If environmental impact is a concern (ignoring that the Chinese announced a few weeks back that they're building 300 new coal fired power plants - We have 7 in the UK!!), then the Eheim wins in my opinion as I don't believe you'd need a second in terms of filtration capacity and if powerheads are going to be added regardless then flow shouldn't be an issue. You also tend to find with Eheim that their flow rates are a little more accurate than other manufacturers.


----------



## Matt @ ScapeEasy (1 Jun 2019)

Bit of an aside I know, but we apparently just went 2 weeks without using any of our coal power stations! Burnt a lot of natural gas though!


----------



## Regent (6 Jun 2019)

You both raise interesting points. I'm all for not burning coal, at least gas is cleaner, even if it'll run out first...
I just feel somewhat responsible burning loads of power to support keeping lovely wild thing and in return destroying where they live! But it's probably a bit out of my control!
I'm currently watching videos of filter outputs. A bit shocked that the aquael 2000 tested with no media is only really flowing 1000lph...
Thanks for the info on head height.


----------



## Matt @ ScapeEasy (6 Jun 2019)

Im at risk of going off topic again here, but you also need to consider what benefits your tank brings... and can bring.

CPDs are endangered in the wild I believe... you could be breeding these in your tank for example.  I know my tank helps me to deal with the stresses and strains of modern life. Another advantage.

As with most things I think this is all a question of compromise... I have committed to making 2 of my 3 tropical tanks into temperate or coldwater setups over time as fish pass and are replaced I will only choose suitable species for example. I have already gone coldwater and filterless in my shrimp tank.

Not saying I'm right or wrong about anything here by the way... just other things to consider...

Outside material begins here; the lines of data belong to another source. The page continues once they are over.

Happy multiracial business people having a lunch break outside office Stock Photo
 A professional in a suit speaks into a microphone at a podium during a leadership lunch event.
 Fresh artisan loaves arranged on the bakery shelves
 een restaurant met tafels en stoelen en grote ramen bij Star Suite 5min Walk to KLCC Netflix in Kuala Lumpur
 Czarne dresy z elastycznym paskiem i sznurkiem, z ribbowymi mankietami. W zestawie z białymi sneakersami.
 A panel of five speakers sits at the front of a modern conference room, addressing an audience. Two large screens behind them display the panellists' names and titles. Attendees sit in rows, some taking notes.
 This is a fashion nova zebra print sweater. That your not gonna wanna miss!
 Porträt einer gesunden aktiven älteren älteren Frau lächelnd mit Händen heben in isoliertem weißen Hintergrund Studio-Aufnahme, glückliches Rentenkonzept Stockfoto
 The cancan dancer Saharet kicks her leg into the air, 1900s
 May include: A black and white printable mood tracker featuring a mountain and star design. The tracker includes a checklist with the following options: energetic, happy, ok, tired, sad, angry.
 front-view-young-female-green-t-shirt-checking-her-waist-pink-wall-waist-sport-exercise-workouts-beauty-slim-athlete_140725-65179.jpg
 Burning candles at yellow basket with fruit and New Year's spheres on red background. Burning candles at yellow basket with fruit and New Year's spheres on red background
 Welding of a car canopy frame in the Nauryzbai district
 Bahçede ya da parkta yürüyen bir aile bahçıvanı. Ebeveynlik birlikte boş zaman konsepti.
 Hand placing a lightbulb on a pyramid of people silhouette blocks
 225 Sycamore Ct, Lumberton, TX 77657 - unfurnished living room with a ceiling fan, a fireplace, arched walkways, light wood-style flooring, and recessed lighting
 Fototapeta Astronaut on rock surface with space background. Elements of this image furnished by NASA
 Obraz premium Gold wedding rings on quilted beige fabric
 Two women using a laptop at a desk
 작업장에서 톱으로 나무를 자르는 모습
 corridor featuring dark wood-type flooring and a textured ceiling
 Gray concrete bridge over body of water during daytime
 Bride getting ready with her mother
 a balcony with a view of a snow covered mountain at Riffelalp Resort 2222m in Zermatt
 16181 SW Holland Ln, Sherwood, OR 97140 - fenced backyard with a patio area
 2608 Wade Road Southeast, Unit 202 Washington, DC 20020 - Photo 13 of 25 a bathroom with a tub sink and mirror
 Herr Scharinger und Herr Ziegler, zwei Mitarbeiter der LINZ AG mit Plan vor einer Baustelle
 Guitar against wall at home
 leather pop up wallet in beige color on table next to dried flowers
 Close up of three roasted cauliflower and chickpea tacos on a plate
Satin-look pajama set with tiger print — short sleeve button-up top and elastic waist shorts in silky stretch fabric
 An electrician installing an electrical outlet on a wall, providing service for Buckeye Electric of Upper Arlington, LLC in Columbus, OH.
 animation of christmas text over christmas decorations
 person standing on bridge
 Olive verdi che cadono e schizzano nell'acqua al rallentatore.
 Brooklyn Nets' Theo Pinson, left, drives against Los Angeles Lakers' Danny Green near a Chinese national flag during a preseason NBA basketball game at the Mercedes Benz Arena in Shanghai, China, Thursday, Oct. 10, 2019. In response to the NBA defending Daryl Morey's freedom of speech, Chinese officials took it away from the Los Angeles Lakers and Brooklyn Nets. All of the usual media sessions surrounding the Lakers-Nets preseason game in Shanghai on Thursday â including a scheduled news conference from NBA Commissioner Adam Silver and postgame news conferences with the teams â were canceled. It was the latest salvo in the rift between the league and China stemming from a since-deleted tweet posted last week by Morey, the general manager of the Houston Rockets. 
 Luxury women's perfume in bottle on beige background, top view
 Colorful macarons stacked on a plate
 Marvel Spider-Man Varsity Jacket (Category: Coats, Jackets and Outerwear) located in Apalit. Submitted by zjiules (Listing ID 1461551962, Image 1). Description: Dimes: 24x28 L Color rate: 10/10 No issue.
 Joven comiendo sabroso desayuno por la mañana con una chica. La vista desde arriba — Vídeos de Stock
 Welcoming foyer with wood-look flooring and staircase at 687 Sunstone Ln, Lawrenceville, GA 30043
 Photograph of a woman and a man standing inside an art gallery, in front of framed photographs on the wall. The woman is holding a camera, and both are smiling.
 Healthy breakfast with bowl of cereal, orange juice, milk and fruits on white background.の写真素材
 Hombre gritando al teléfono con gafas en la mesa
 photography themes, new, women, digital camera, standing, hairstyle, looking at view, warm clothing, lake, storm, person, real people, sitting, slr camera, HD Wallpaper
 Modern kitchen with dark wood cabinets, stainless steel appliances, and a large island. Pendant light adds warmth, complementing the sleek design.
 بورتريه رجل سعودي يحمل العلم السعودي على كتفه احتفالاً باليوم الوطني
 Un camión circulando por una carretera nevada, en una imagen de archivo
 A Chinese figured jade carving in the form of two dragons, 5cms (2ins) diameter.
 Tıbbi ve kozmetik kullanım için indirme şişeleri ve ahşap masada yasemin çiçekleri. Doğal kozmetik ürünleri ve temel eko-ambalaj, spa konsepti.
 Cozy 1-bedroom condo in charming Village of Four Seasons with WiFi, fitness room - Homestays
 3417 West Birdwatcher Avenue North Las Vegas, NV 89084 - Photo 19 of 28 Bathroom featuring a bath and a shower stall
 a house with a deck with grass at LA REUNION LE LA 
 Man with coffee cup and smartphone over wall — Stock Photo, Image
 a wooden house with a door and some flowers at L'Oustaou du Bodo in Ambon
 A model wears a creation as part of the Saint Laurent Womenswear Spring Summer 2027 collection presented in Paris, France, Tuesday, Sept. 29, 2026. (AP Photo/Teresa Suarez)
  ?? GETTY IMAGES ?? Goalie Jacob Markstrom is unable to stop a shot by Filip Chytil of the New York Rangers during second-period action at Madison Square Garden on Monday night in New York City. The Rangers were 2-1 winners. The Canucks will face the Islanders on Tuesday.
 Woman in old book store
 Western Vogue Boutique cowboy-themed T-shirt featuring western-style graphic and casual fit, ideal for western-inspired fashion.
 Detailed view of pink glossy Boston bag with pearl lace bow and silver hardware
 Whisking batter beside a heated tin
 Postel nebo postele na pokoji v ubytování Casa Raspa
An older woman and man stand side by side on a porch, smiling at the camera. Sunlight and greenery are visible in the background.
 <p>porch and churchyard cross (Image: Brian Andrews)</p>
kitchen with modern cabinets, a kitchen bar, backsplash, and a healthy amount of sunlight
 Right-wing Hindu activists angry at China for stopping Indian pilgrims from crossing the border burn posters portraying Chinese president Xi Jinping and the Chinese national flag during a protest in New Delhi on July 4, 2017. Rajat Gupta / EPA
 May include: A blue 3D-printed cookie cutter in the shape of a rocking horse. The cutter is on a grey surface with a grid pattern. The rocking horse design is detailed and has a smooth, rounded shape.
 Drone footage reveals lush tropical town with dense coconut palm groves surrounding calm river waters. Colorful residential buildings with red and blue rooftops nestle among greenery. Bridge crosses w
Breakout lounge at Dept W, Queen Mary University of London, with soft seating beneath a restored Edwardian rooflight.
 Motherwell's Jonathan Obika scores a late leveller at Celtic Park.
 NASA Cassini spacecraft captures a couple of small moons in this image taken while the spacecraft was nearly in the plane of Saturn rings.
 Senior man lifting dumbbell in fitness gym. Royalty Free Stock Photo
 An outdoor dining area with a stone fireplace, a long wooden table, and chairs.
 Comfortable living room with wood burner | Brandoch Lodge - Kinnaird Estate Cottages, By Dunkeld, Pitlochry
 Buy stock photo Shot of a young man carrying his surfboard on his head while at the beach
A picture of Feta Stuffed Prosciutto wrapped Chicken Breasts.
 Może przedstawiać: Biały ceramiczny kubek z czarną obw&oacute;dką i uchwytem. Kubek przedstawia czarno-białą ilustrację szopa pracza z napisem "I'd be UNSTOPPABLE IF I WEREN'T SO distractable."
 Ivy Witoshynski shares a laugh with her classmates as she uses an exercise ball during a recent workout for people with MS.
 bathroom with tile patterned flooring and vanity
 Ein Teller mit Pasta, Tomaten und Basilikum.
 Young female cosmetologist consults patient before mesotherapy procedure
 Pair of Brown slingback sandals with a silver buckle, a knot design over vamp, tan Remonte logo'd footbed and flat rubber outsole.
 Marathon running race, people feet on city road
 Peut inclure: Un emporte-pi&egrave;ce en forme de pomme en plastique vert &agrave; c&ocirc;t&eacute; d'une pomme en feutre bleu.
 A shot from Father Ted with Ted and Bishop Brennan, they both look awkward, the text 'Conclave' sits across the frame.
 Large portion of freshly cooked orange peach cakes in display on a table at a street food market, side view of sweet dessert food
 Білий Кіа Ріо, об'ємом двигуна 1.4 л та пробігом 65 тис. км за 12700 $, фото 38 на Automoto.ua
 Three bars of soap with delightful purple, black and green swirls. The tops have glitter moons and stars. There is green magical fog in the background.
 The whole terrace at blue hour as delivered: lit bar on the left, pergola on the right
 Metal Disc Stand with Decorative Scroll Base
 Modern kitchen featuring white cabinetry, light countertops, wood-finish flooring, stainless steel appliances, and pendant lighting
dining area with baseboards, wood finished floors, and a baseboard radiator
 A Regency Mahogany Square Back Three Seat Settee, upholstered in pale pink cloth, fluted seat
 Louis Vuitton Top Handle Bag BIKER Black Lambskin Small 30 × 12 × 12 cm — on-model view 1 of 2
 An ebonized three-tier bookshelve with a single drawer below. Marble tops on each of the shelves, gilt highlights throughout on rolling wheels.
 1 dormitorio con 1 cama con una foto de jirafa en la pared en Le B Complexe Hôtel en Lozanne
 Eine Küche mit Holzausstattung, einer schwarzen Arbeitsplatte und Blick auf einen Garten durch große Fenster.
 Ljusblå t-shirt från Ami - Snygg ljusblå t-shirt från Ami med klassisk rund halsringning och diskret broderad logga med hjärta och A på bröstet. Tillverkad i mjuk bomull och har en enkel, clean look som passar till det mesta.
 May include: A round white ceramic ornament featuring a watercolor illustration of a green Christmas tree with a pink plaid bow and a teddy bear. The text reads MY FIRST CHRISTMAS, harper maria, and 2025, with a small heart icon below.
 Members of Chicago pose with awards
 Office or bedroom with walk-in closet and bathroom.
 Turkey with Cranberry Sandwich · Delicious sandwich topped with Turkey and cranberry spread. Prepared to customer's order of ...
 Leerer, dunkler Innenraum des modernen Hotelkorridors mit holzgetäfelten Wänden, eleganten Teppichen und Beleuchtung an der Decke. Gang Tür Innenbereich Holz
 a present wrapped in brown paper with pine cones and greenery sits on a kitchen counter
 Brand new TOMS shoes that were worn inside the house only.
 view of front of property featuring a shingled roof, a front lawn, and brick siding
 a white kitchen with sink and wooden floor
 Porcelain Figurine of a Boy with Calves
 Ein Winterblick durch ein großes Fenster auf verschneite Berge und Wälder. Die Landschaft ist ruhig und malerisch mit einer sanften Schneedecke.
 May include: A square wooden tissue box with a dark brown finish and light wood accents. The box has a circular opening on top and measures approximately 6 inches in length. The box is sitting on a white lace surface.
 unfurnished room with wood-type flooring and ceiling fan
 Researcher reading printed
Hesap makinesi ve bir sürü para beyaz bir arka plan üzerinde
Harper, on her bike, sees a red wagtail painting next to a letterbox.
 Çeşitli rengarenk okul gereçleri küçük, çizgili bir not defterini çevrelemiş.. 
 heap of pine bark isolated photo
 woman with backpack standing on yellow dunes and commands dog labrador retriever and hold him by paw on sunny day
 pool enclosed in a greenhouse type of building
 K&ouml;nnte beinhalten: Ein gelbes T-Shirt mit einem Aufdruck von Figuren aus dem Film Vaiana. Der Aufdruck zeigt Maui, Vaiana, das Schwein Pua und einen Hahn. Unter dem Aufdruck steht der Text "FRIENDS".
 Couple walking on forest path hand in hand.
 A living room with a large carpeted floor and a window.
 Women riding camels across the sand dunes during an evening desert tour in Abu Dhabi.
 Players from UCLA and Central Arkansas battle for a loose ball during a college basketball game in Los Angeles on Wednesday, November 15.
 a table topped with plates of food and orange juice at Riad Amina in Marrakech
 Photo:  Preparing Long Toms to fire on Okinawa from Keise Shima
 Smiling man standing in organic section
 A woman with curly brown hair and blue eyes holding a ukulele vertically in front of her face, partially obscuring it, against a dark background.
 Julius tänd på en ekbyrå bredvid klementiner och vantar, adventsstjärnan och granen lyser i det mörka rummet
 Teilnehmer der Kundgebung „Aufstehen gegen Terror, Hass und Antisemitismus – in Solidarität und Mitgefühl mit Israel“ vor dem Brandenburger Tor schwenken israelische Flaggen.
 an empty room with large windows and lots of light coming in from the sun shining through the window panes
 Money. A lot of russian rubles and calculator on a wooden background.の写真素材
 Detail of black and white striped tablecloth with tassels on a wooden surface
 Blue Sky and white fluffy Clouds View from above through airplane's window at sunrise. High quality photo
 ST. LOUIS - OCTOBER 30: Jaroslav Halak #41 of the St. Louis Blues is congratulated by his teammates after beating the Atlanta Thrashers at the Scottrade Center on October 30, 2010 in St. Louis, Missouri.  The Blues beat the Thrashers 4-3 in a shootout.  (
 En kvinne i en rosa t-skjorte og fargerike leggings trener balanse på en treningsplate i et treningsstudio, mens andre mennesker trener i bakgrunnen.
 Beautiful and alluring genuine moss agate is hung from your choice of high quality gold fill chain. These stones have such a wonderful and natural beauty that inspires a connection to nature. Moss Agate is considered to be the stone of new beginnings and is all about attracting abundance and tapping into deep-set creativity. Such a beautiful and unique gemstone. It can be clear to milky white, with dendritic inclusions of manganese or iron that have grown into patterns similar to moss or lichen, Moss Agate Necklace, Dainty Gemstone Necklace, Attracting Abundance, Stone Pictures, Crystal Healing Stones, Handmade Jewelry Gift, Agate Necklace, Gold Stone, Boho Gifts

@mods - feel free to move this to a more relevant topic if you prefer!


----------



## Regent (6 Jun 2019)

I actually think it's an interesting topic in its own right.
I also like the idea of temperate tanks. For this tank I'm also drawn to Altum angels as the tank is so deep. I did have a clear plan of exactly what I was going to do for this build and then a4l offered me this tank and I couldn't say no but it's left me very confused about what I'm going to do

From a wellbeing point of view there's no doubt maintaing and relaxing watch a tank help me unwind no end. I work long busy days and coming home to sit and watch an aquarium is my wind down time. Hence the new bigger tank going in as penisular.


----------



## Regent (7 Jun 2019)

Just in case anyone is interested I've done some calculations for filter efficiency and cost over 5 years...
The eheim is cost prohibitive sadly
https://docs.google.com/spreadsheets/d/1ykCBDiHyqgFyez-fNTAEX0YfAkGhjMNBCzE1vNN8ZSc/edit?usp=sharing


----------



## Matt @ ScapeEasy (8 Jun 2019)

That is quite the spreadsheet and I'm sure will be very useful for others with the same quandry. My tank is smaller so alas it is not so useful for my purposes, but let me know if you want to do the same exercise for 200 litre tanks! I suspect not, as that must have taken some time to put together!!


----------



## Regent (8 Jun 2019)

Matt @ ScapeEasy said:


> That is quite the spreadsheet and I'm sure will be very useful for others with the same quandry. My tank is smaller so alas it is not so useful for my purposes, but let me know if you want to do the same exercise for 200 litre tanks! I suspect not, as that must have taken some time to put together!!


I'm more than happy to add some other filters in if you let me know which you're interested in? Most of it'll calculate itself. The tricky bit is finding real world flow in a clean filter with media. I think the info is easier to find for JBL, fluvial and hydor, there are some flow tests of the aquael on YouTube..


----------



## Matt @ ScapeEasy (8 Jun 2019)

Can you find that info for the Oase filters?


----------



## Regent (8 Jun 2019)

I already had the data for the 350 and 600T versions. I have added them in. Let me know if you want others? I do think that the built-in heater is a big win with these filters and if the cost had been lower or the flows higher I'd have considered them.

Note I've done the calcs for two filters as that is what I was looking at, I may reformat the sheet a bit if it's of use to others so it's all done for one filter.


----------



## Matt @ ScapeEasy (8 Jun 2019)

Thanks, ill take a look now...


----------